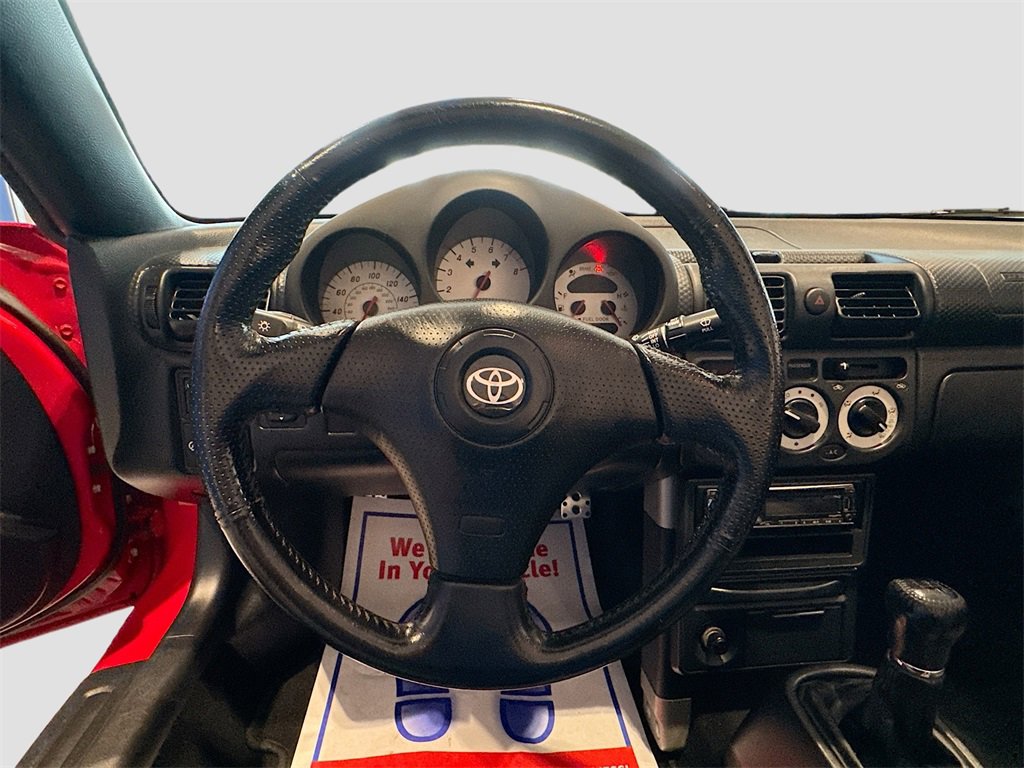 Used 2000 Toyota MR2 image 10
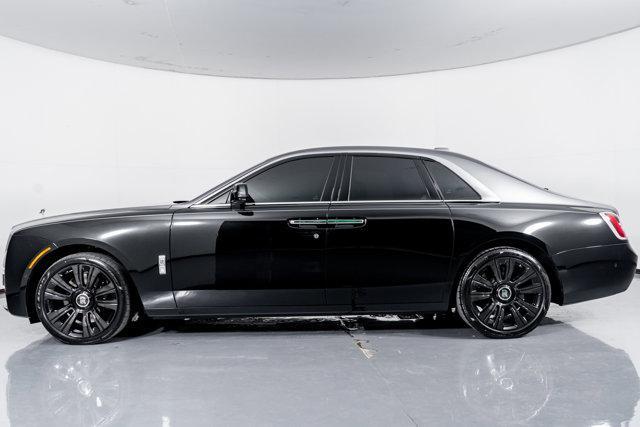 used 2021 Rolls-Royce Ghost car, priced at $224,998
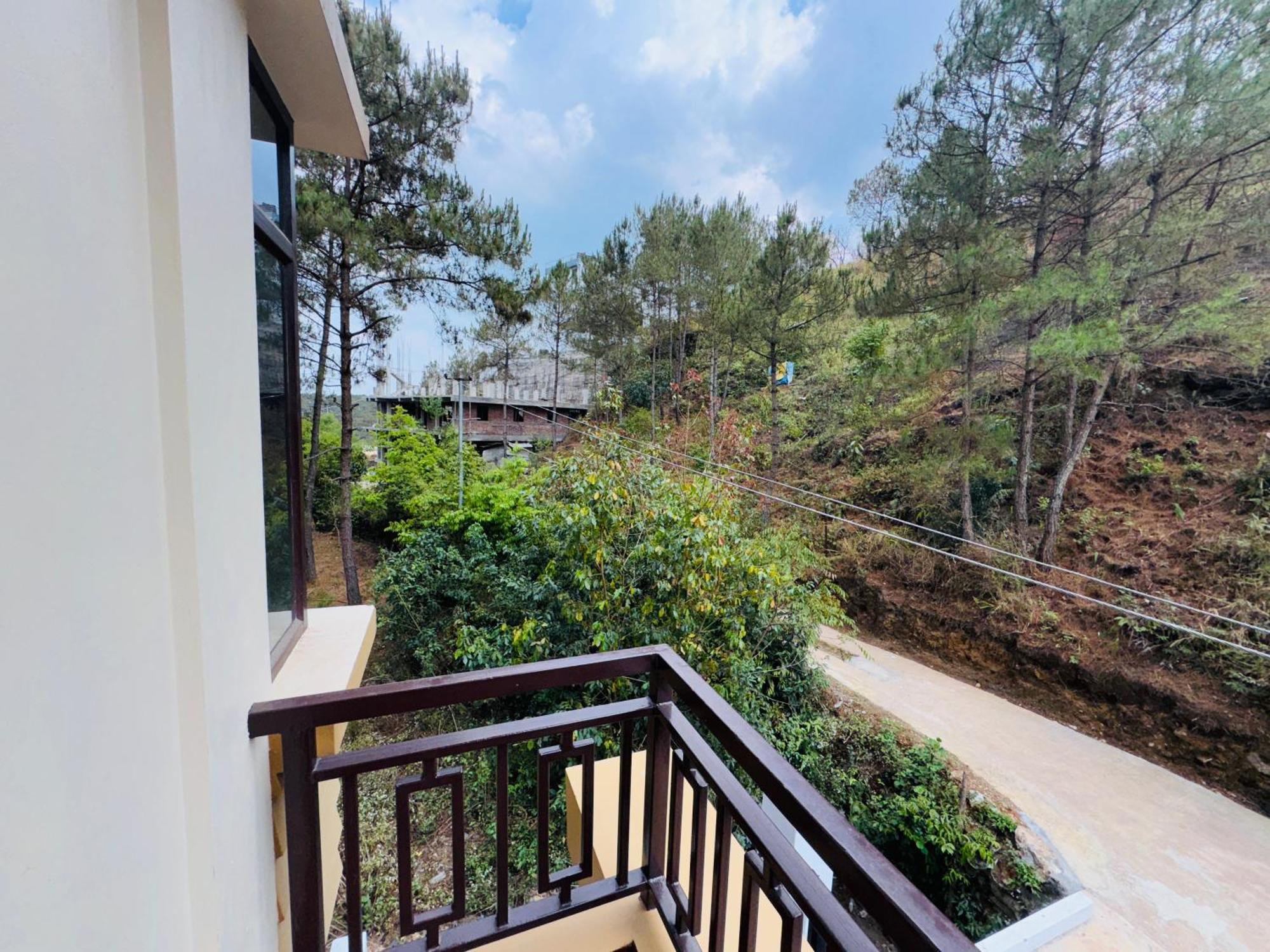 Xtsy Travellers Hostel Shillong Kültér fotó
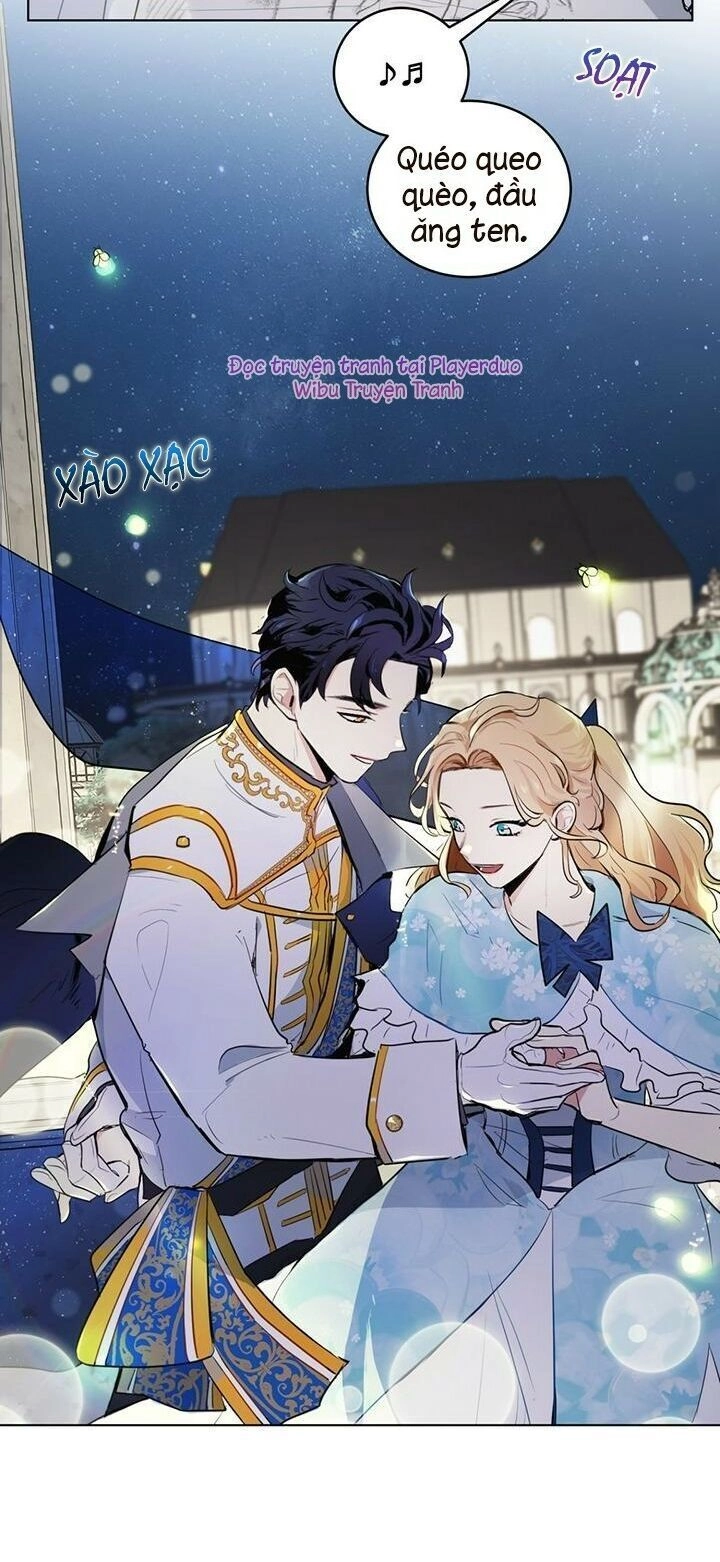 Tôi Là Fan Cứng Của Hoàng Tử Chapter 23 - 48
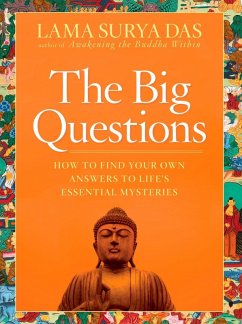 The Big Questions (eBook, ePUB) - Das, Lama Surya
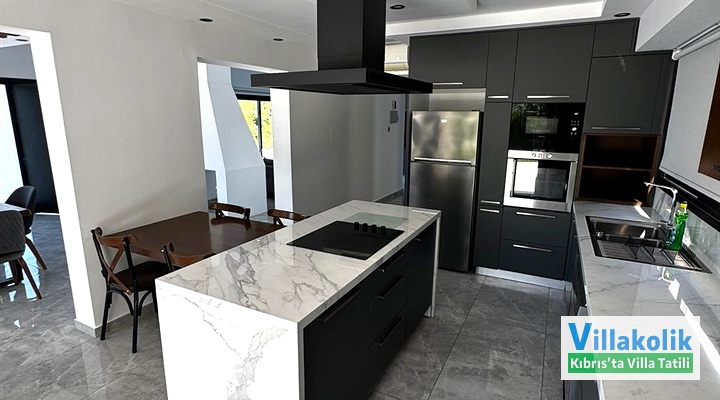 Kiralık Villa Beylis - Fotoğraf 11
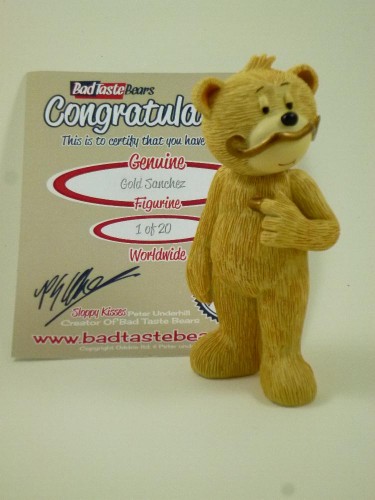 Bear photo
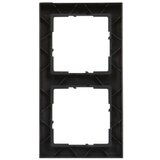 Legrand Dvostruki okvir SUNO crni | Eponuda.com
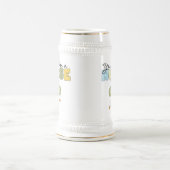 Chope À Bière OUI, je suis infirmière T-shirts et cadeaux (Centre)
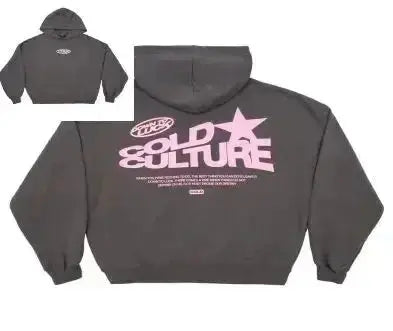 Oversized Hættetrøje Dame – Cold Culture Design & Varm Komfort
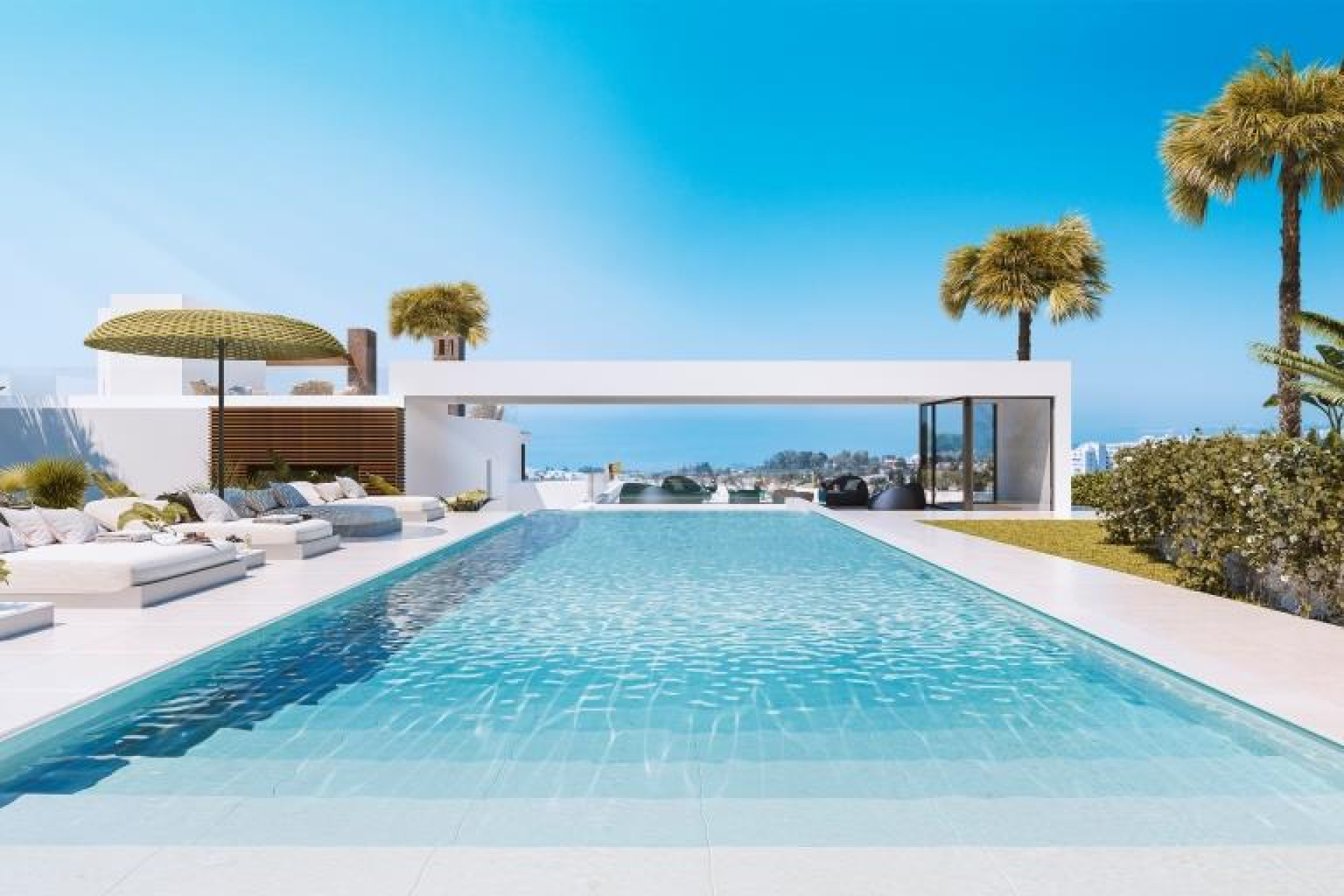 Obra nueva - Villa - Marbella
-------------------------
Reproduce every entry exactly, but omit each picture.

* Response to the exercise
 Used 2000 Toyota MR2 image 10
 used 2021 Rolls-Royce Ghost car, priced at $224,998
 Xtsy Travellers Hostel Shillong Kültér fotó
 Tôi Là Fan Cứng Của Hoàng Tử Chapter 23 - 48
 The Big Questions (eBook, ePUB) - Das, Lama Surya
 Kiralık Villa Beylis - Fotoğraf 11
 Bear photo
 Legrand Dvostruki okvir SUNO crni | Eponuda.com
 Chope À Bière OUI, je suis infirmière T-shirts et cadeaux (Centre)
 Oversized Hættetrøje Dame – Cold Culture Design & Varm Komfort
 Obra nueva - Villa - Marbella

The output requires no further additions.